- Task material -
------------------------------------------------------------

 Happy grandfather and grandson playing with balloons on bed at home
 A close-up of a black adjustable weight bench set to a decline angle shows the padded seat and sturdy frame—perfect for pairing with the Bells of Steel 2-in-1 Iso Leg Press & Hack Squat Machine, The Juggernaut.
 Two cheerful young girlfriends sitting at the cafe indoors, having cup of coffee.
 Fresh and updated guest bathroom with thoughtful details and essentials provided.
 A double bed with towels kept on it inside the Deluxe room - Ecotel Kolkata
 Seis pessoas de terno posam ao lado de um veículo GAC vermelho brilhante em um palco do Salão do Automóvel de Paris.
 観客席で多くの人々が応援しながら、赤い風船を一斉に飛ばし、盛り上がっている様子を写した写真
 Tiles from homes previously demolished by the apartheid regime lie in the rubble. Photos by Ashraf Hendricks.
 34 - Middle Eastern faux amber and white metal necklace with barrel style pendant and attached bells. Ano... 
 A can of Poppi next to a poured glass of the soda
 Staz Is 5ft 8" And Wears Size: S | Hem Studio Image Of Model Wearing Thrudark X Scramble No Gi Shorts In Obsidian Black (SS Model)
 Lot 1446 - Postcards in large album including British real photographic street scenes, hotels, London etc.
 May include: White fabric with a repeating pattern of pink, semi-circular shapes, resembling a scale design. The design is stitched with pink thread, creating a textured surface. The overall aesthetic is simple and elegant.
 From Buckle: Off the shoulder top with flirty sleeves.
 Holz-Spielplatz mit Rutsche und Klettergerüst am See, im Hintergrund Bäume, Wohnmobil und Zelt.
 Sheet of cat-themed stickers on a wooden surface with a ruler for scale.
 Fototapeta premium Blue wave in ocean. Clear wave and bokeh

------------------------------------------------------------

- Problem to work on -
Please find every line in the listing that holds the string "surface" and copy it.

- Task response -
 May include: White fabric with a repeating pattern of pink, semi-circular shapes, resembling a scale design. The design is stitched with pink thread, creating a textured surface. The overall aesthetic is simple and elegant.
 Sheet of cat-themed stickers on a wooden surface with a ruler for scale.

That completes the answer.